Although reconciliation’s protections against filibusters were
established to facilitate deficit reduction,
that assumption was never written into the Congressional Budget Act. As a result, Republicans have repeatedly used
reconciliation for tax cuts that dramatically add to the deficit.
The Congressional
Budget Act does, however, prohibit measures that increase the deficit in any
year beyond those covered by the most recent budget resolution. 2 U.S.C. § 644(b)(1)(E). Thus, when Congress used reconciliation to
enact President Bush’s deficit-increasing tax cuts, it had to put an expiration
date on most of them so that they would not increase the deficit beyond the
ten-year period covered by the applicable budget resolution. Although congressional Republicans strongly
pushed for making those tax cuts permanent when that expiration date arrived – and
Democrats had little appetite for being accused of raising taxes by not
approving an extension – President Obama and congressional Democrats were able
to allow some tax cuts for the very wealthiest people to expire as part of a
budget deal with Republicans.
Seeking to protect
their deficit-expanding tax cuts for as long as possible, some congressional
Republicans have suggested extending the period covered by the budget
resolution from ten years. Budget
resolutions have covered ten-year periods for several decades because both
parties recognized that projections beyond that range are too rough to allow
coherent budgeting. But the assumption
of ten-year budget resolutions, like the assumption that reconciliation was
only for deficit reduction, was not written into the Act. So if Republicans decide to pass a fifteen-,
twenty-, or even twenty-five year budget resolution, they apparently can use
reconciliation to enact tax cuts that increase the deficit by an unlimited
amount during that period. One imagines
that, as soon as such legislation is signed, they will go back to proclaiming
that budget deficits are robbing our children and need to be brought down with
spending cuts right away.
Even if
Republicans do not decide to pay for their entire tax bill with programmatic
cuts, they appear likely to include reconciliation instructions to several
committees, requiring them to report out legislation that would slash programs
within those committees’ jurisdictions.
Committees rarely disregard reconciliation instructions because their
chamber’s budget committee can propose budget cuts to reach the reconciliation
instruction if the committee of jurisdiction does not.
Looming over all
of this is the statutory debt limit, which the federal government appears
likely to reach some time between early September and early October.
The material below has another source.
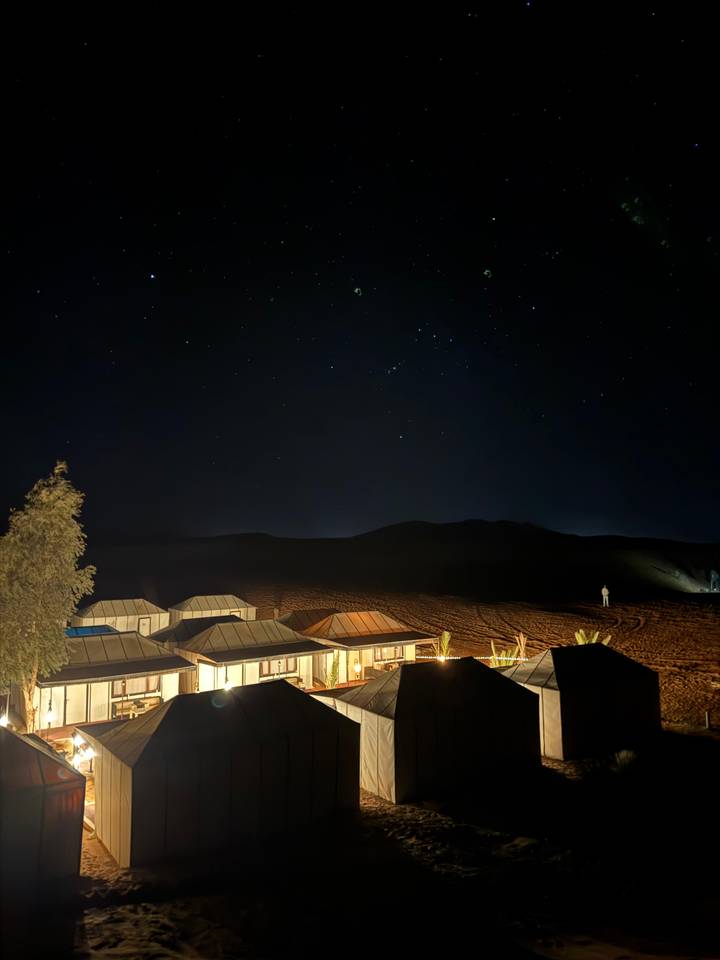 Luxury desert camp tents glow under a star-filled night sky, silent dunes surrounding the scene.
With many Republicans having won seats after
attacking Democrats for voting to raise the debt limit, they are loathe to vote
to raise it themselves (although not reluctant to vote for tax legislation that
will make further increases in the debt limit necessary). Enough Republicans seem likely to play “chicken”
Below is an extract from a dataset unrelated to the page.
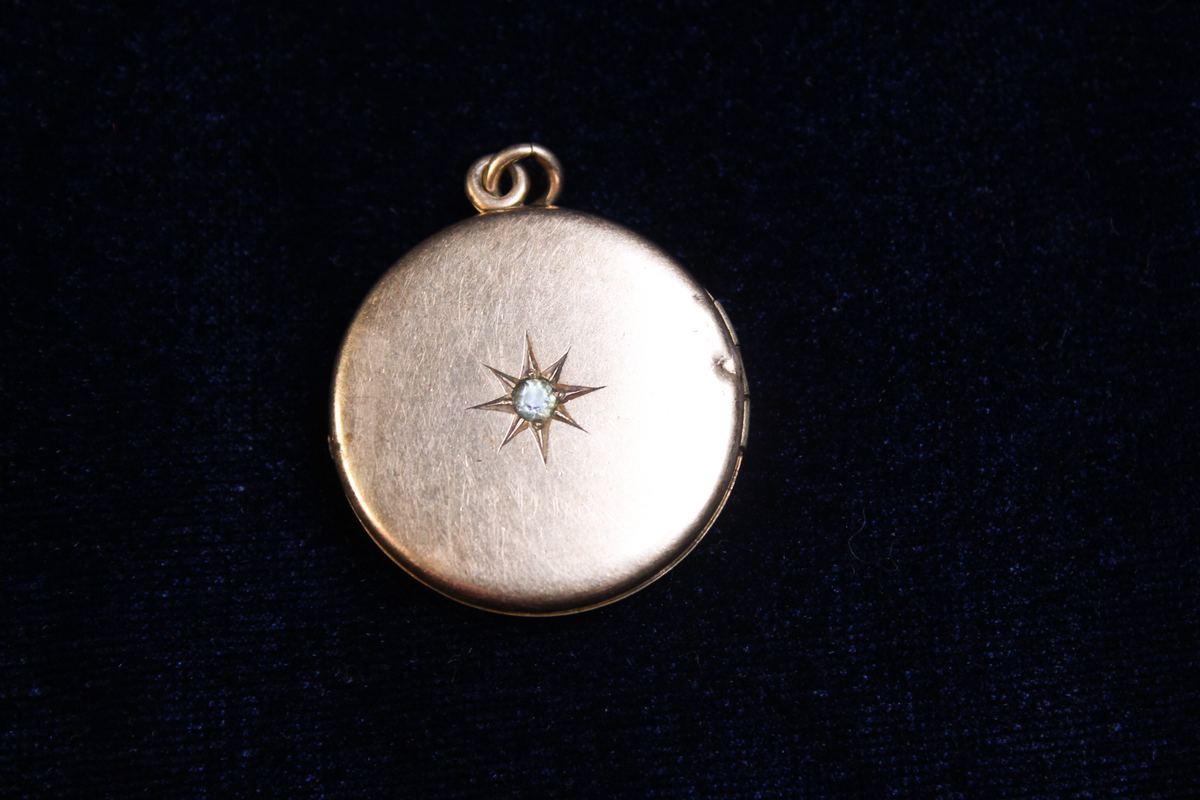 Gold plated locket with a starburst design and a central stone, on a dark background.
with the debt limit that it likely will need Democratic votes to pass. To date, the Democratic leadership has
insisted that they will only support a “clean” debt limit bill, one lacking any
other substantive provisions. Many influential
Republicans, however, are insisting that any debt limit bill include
substantial spending cuts. In the end, a
“clean” debt limit bill passing with mainly Democratic votes seems most likely,
but doing this at the same time deficit-raising tax legislation – and painful
budget cuts – are moving could harden positions and increase the risk that the
two sides miscalculate. By effectively
giving Congress permission to put the debt limit off until September, the Trump
Administration has left very little time for any missteps to be corrected.